Is there a similar reason why headlight aiming is made so difficult? My car's not too bad, but aiming is still done by turning four 11mm plastic nuts in places that would be much easier to reach if your wrist bent backwards! It seems like most drivers simply fit new bulbs and don't bother to aim.


----------



## icowden (10 Dec 2019)

Found a nice paper here that goes into some of the rationale and research...

http://www.diva-portal.org/smash/get/diva2:674618/FULLTEXT01.pdf


----------



## glasgowcyclist (10 Dec 2019)

mjr said:


> But why did the Nordic countries get them? It reads to me like they made them mandatory because motorists were too stupid to switch lights on in winter on very dark days. What a reason to set us all on this road!




My old 1978 Volvo 244 had them as standard, and I believe all Volvos were built this way back then. When you switched the lamps on at night, the extra bright DRLs dimmed about 50% and the next setting over was headlamps. At least with Volvo the rear lights were always on too so there was none of this running around with front DRLs only at night.


----------



## Shearwater Missile (10 Dec 2019)

glasgowcyclist said:


> My old 1978 Volvo 244 had them as standard, and I believe all Volvos were built this way back then. When you switched the lamps on at night, the extra bright DRLs dimmed about 50% and the next setting over was headlamps. At least with Volvo the rear lights were always on too so there was none of this running around with front DRLs only at night.


The problem with having only front DRLs is that people forget to switch their lights on in poor visibility, lots of days at this time of year. Why don`t they have rear DRLs on as well ?
I do have my lights on, on the bike but they are not bright enough to use at night especially the front. I would hate it if they dazzled anybody. If it makes me more visible by a few seconds then it is worth it. Each to their own view.


----------



## glasgowcyclist (11 Dec 2019)

Shearwater Missile said:


> Each to their own view.


I should have added that I feckin' hate them!


----------



## Shearwater Missile (11 Dec 2019)

glasgowcyclist said:


> I should have added that I feckin' hate them!

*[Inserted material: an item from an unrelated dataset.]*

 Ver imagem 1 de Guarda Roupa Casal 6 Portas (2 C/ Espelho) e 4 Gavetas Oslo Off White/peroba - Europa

Why do you hate them on bikes, cars or both ? I don`t like the ones that blind you as I have seen on both bikes and cars.


----------



## glasgowcyclist (11 Dec 2019)

Shearwater Missile said:


> Why do you hate them on bikes, cars or both ? I don`t like the ones that blind you as I have seen on both bikes and cars.



Both.

They're unnecessary and another abdication of responsibility by people who should be taking care to look and see what's around them.
On my car I've turned them off.


----------



## mjr (11 Dec 2019)

glasgowcyclist said:


> On my car I've turned them off.


OMG!!!!!1! aren't you dead yet driving around in an invisible car?????/?


----------



## glasgowcyclist (11 Dec 2019)

mjr said:


> OMG!!!!!1! aren't you dead yet driving around in an invisible car?????/?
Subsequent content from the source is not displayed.